Exercise goal: Transcribe the listing in full, word for word; pictures do not belong in the copy.

Given material:
——

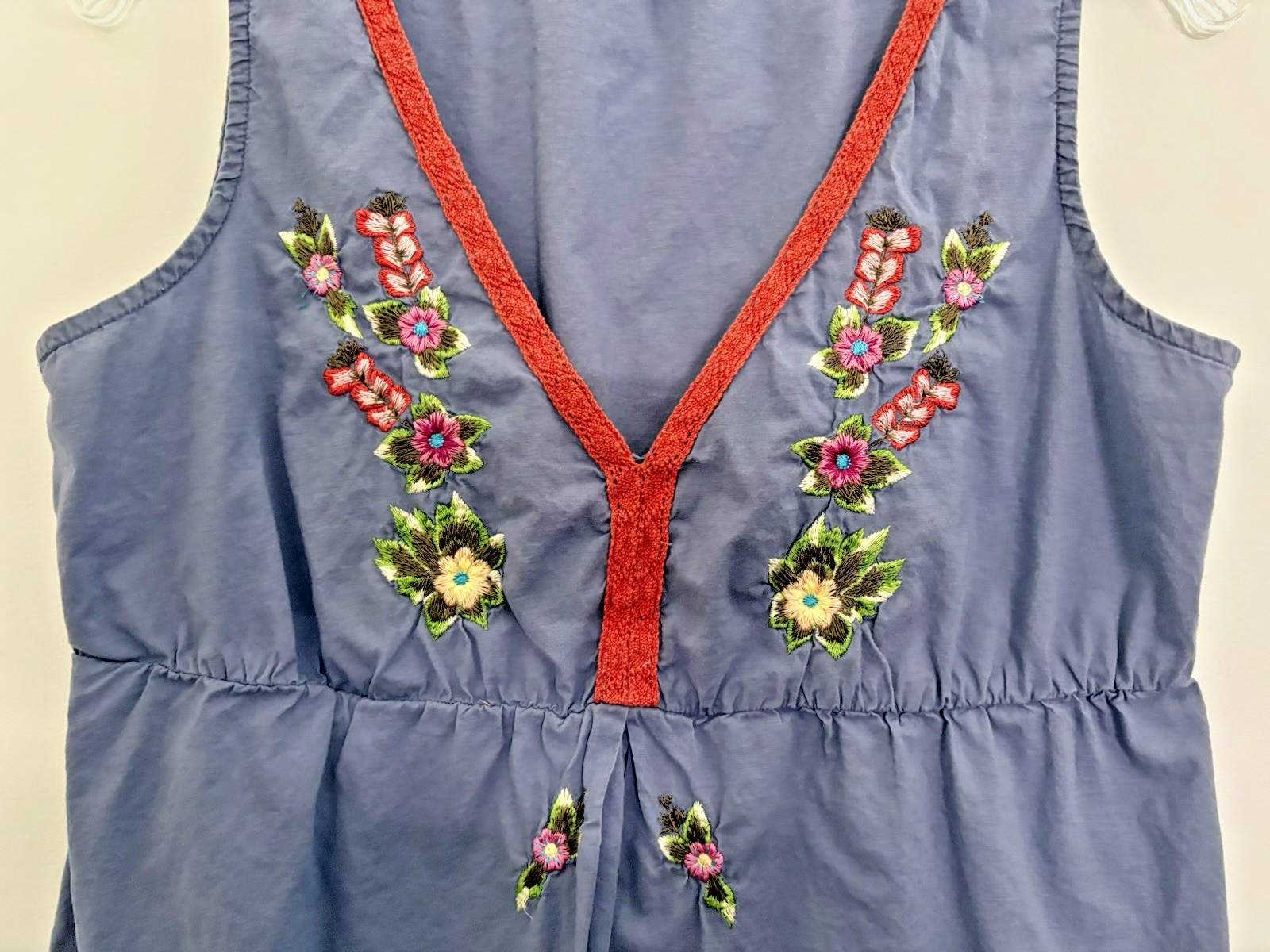 Boho VTG Old Navy Embroidered Flowers Blue Dress w/ Orange Trim Cotton MED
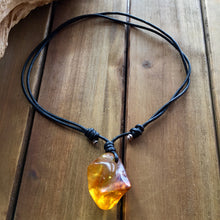 Raw Baltic Amber Surfers Necklace - Sealight 1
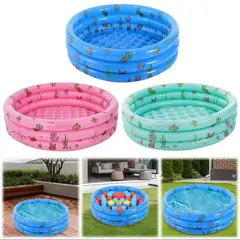 GENERICO - Piscina Inflable antideslizante para niños 3 anillos 100x35 rosada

——

Answer area:
 Boho VTG Old Navy Embroidered Flowers Blue Dress w/ Orange Trim Cotton MED
 Raw Baltic Amber Surfers Necklace - Sealight 1
 GENERICO - Piscina Inflable antideslizante para niños 3 anillos 100x35 rosada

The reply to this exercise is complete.